The World Anti-Doping Agency (WADA) has provisionally suspended its accredited laboratory in France, the National Anti-Doping Organization of France (AFLD), because of “analytical issues”.
The provisional suspension came into effect over the weekend and “prohibits the Paris Laboratory from carrying out any anti-doping activities, including all analyses of urine and blood samples”, WADA said in a statement.
“The provisional suspension will remain in place pending disciplinary proceedings being carried out by an independent disciplinary committee, which will be mandated to make a recommendation to the chair of the Wada Executive Committee regarding the status of the laboratory’s WADA accreditation.”
The Paris laboratory is France’s only facility, which analyzed approximately 13,500 samples in 2016.
AFLD general secretary Mathieu Teoran said in a statement, the suspension was linked to a contamination of a sampling robot after tests carried out on samples from bodybuilders that showed levels of testosterone up to 200 times the normal positive test.

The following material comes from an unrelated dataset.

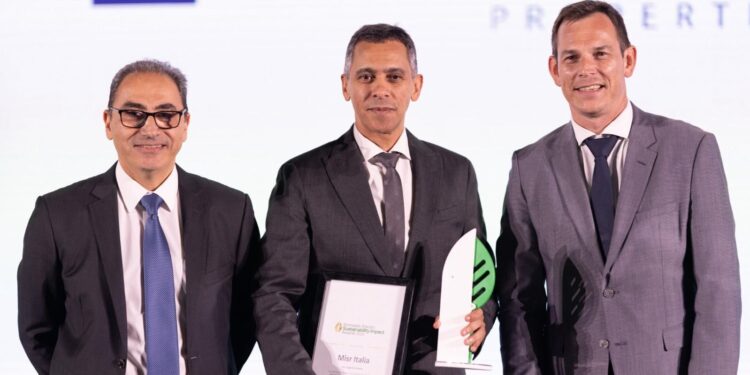 تكريم مصر إيطاليا العقارية بجائزة شنايدر إلكتريك للاستدامة 2024 في الشرق الأوسط وأفريقيا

“Appropriate corrective action was immediately taken and all potentially affected samples underwent reanalysis, which revealed no further anomalies,” Teoran said.
The Chatenay-Malabry laboratory is where the urine test for the banned blood-booster EPO (erythropoietin) was developed in 1999.
In 2005, French sports newspaper L‘Equipe, saying it had access to laboratory documents, reported that six of Armstrong’s urine samples collected on the 1999 Tour de France showed “indisputable” traces of EPO.
Armstrong repeatedly denied the allegations before admitting to doping in a television interview in 2013.